Groups opposed to extending Paseo del Norte 1,200 feet over Albuquerque's western escarpment managed to sink a citywide street bond issue last year.
They argued that the $12 million project took too much money from needs in other parts of the city (though defeating the bond issue took more). They argued that the project was for the benefit of developers.
Twelve months later, they're back with the same arguments, although state funding has reduced the city cost to $8.7 million. They also argue that finally building the West Side's first full east-west arterial between N.M. 528 on Bernalillo County's northern edge and Interstate 40 won't ease traffic problems. If this theory that building or widening roads doesn't affect traffic had been known in the ¹50s, the city could have avoided paving anything east of San Mateo or north of Candelaria and saved a bundle.
This week, groups willing to sink another citywide bond issue in order to delay Paseo unveiled a new tactic, proposing a tunnel instead of a road and chiding the city for not considering alternatives. But the city did explore the tunnel concept, a decade ago, and the cost estimates were equivalent to $70 million in today's dollars, according to Mayor Martin Chávez. That's far more than this entire citywide bond issue of $52.5 million.

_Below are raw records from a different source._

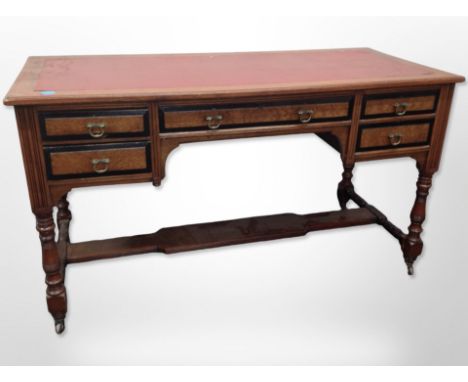 A late-Victorian aesthetic period mahogany, ebonised and birds eye maple-veneered five-drawer writing desk with under stretch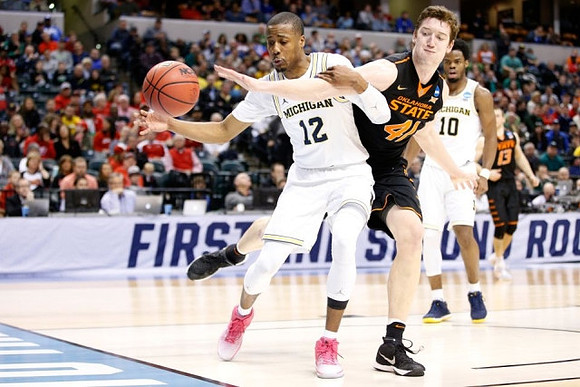 Muhammad-Ali Abdur-Rahkman (12) and Derrick Walton Jr. (10)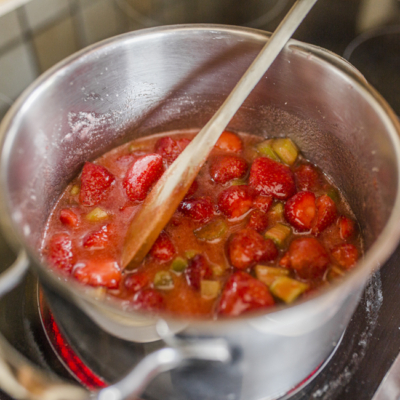 Jemand kocht Bio-Erdbeer- und Rhabarbermarmelade ein.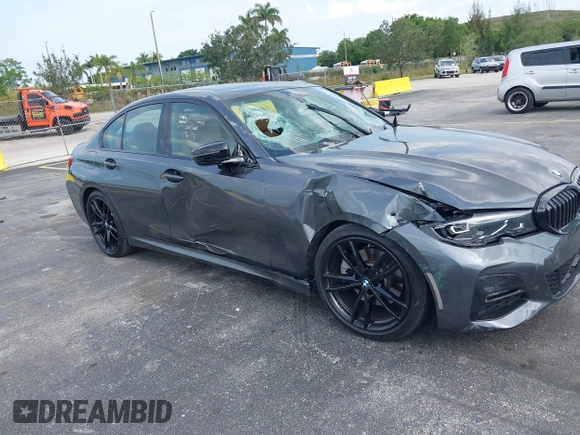 2022 BMW 3 Series 330i with VIN 3MW5R1J0XN8C41168, listed as a IAAI auction lot 42322526 with 44,889 mi miles and . Bid and sale history available at DreamBid. Image 6.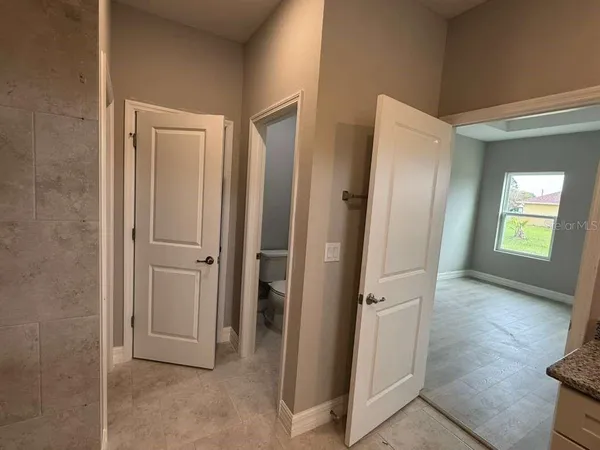 an empty room with wooden floor and a bathroom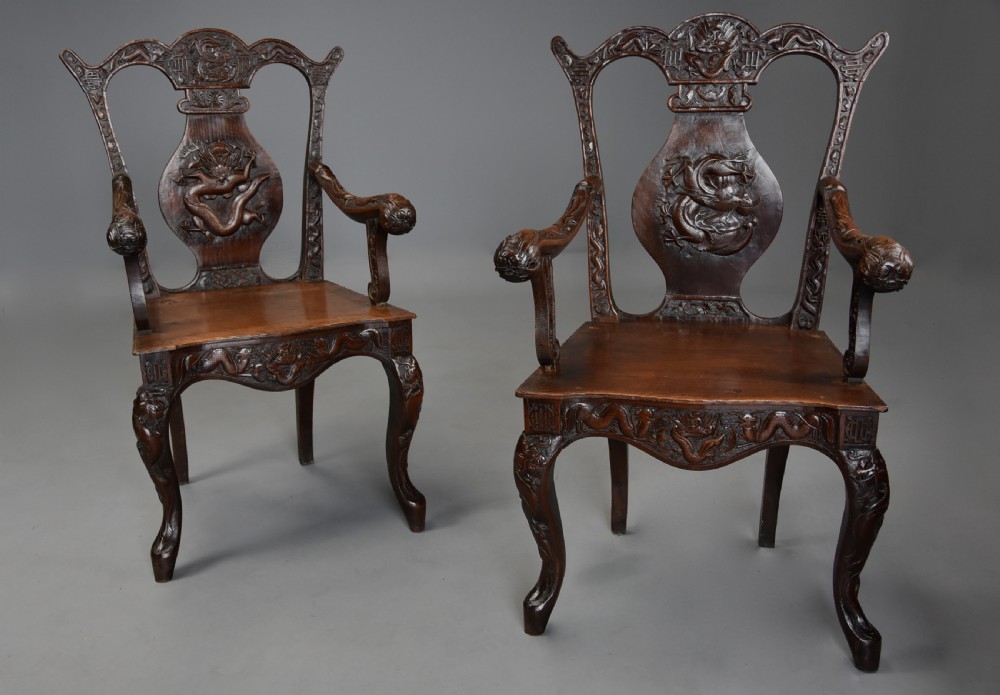 Pair of highly decorative 19thc walnut open armchairs of Chinese influence in the 18thc style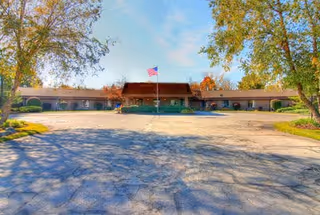 Wide exterior view of a single-story healthcare center building with an American flag on a flagpole in front, surrounded by trees and a large paved driveway under a partly cloudy sky.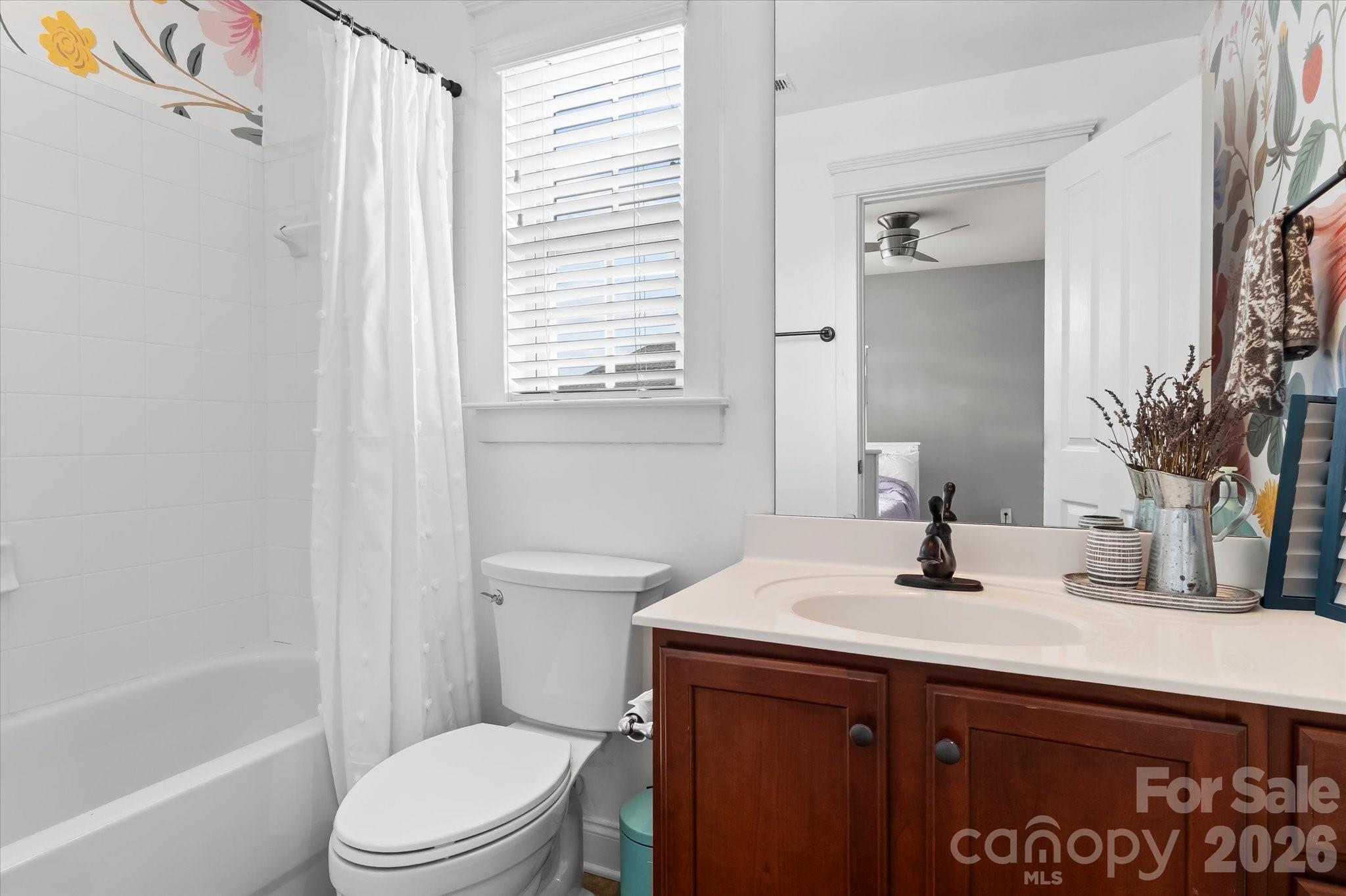 301 Bridges Farm Road Mooresville, NC 28115 - Photo 22 of 46 a bathroom with a sink a toilet and tub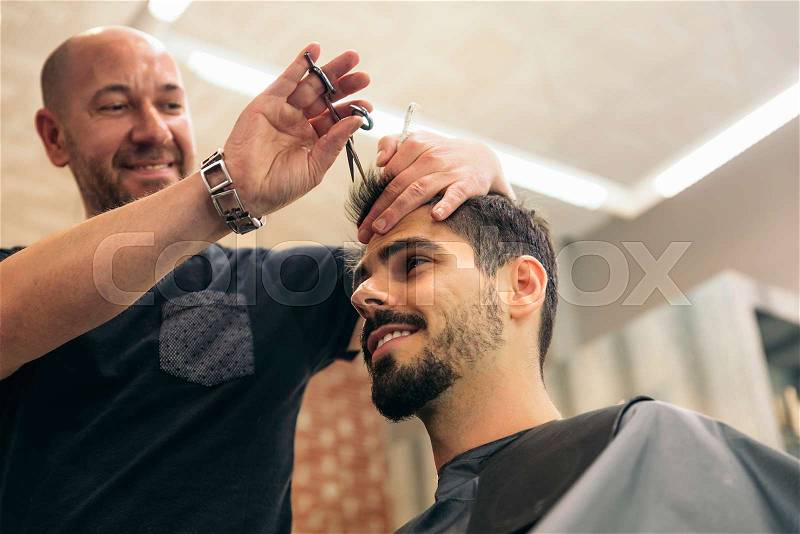 Hairstylist making men's haircut to an attractive man in the beauty salon, stock photo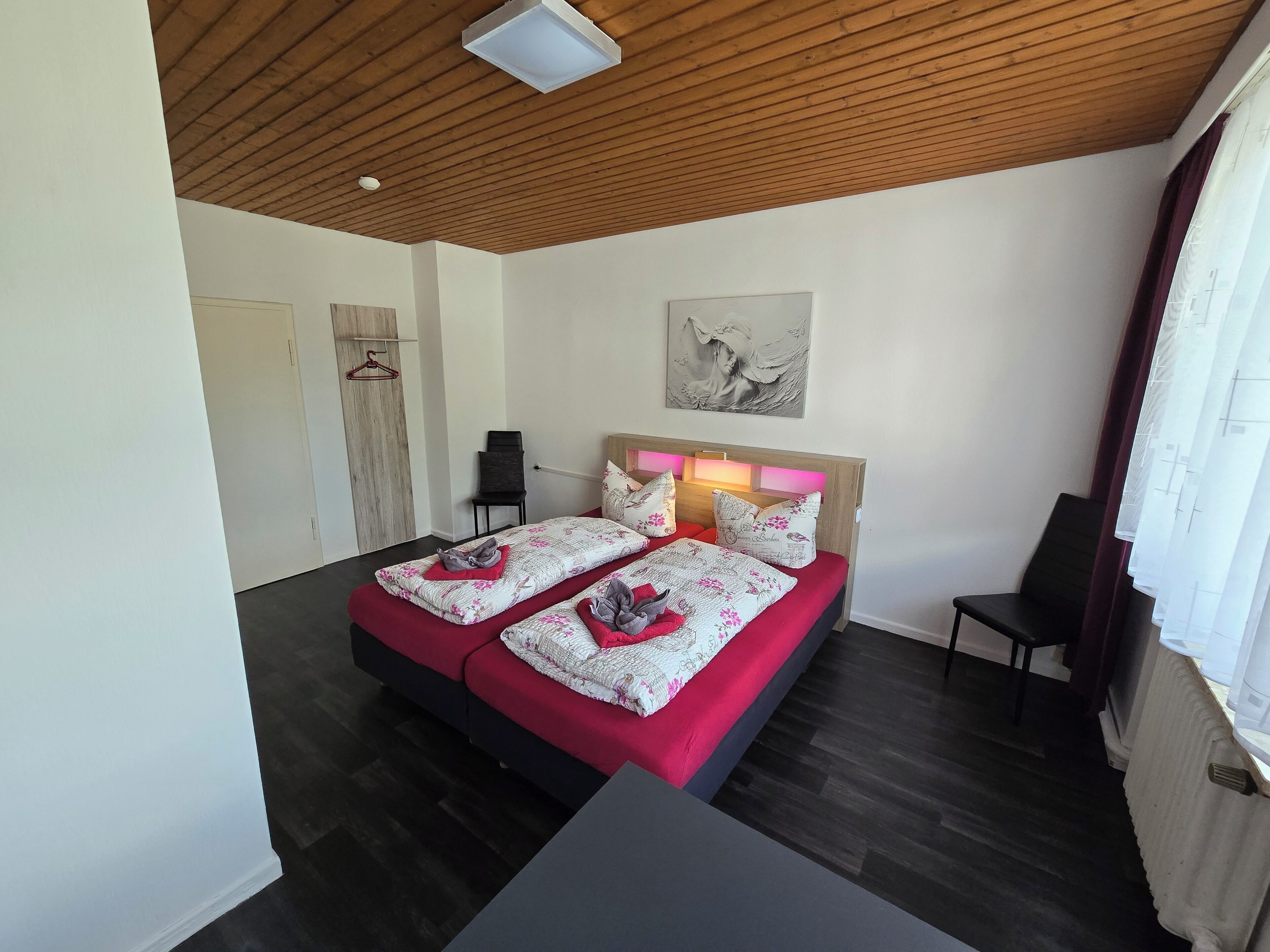Une chambre avec un plafond en bois, un lit avec une literie rouge et blanche, une chaise noire et un tableau accroché au mur.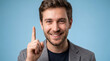 ©  Kibria Islam - Young man in a gray blazer points his index finger upward to indicate a bright idea or an important point against a blue background.
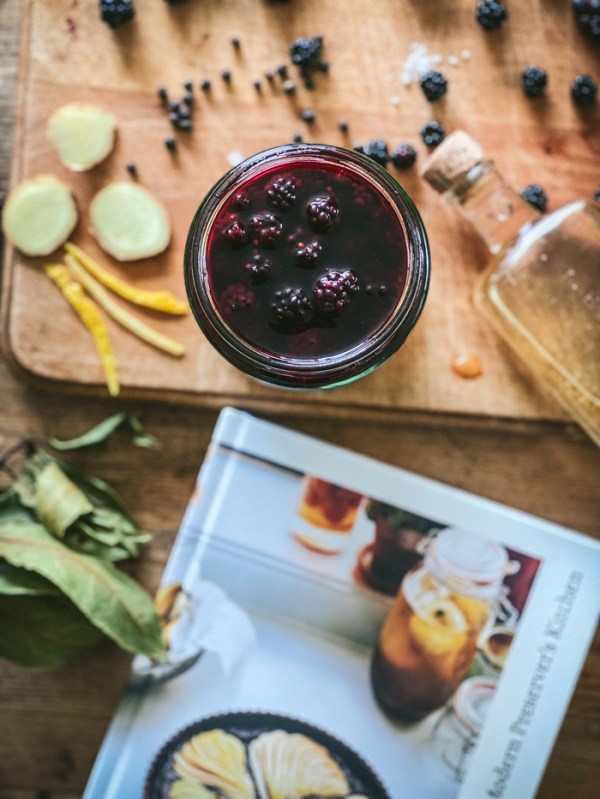 The Modern Preserver's Kitchen cookbook and some ingredients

The tunnel notion would crater the city's capital budget. Proposing it vaporizes opponents' other arguments: The tunnel would siphon off a lot more money from other parts of the city than the current proposal; if Paseo benefits developers, so would a tunnel; and if Paseo doesn't move traffic, why would a tunnel do any better?
The only good thing about the tunnel proposal: It goes beneath the surface of opponents' arguments to expose the objective -- delay West Side infrastructure at any cost, by any means.